This means that all cylinders do not cross each other and no single cylinder can be inside of another one. Cylinders can only touch each other by their external surfaces. Practical realization of considered structures was not complicated because the height of cylinders can be taken with finite dimensions. The height of cylinders, in practice, should be about an order greater than the wavelength of the incident EM wave. It is clear, from well-known EM field theory knowledge, that if the height of a cylinder is more than ten times larger than the wavelength of the incident wave then, in a solution, the approximation that the cylinders are infinite can be taken and the boundary conditions at the ends of the cylinders can be ignored. This approach simplifies the task being considered and gives accurate calculation results.

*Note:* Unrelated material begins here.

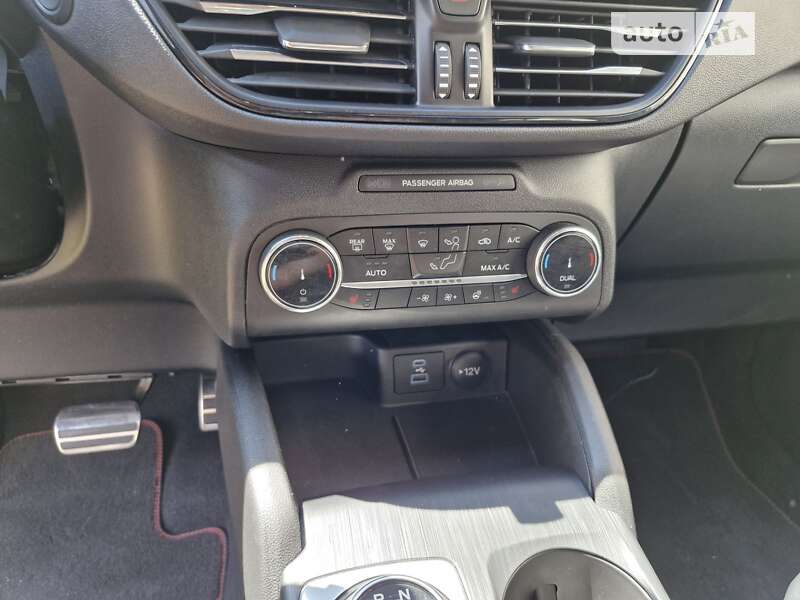 Внедорожник / Кроссовер Ford Escape 2023 в Полтаве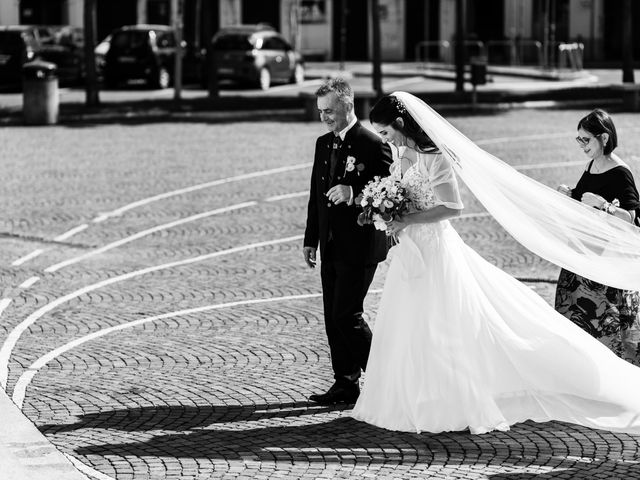 Il matrimonio di Daniele e Sara a Parabiago, Milano 28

The external EM field consists of an incident EM wave and scattered EM waves of all cylinders of the array. The EM field inside and outside of the cylinders are convenient to describe by way of the transverse electric (TE) mode and the transverse magnetic (TM) mode potentials [14,15]. The solution of the Maxwell’s equations in the cylinder area after the Fourier transformation, with respect to the coordinate z, can be written in the form as is given in [14].

The absorbed energy per unit length and per period of single cylinder,${\mathrm{W}}_{\mathrm{j}}^{\mathrm{a}}$, j = 1, …, N, can be computed in the same way as it was described in [15]. The full absorbed energy one obtains after summing is in respect to cylinder number j. The scattering energy can be calculated in two ways. The first way allows us to easily determine the scattering energy, but does not allow for the estimation of the contribution of each cylinder (Equations (1) and (2)). The second way is more complicated (Equation (4)), but it allows for the determination of the contribution from each cylinder.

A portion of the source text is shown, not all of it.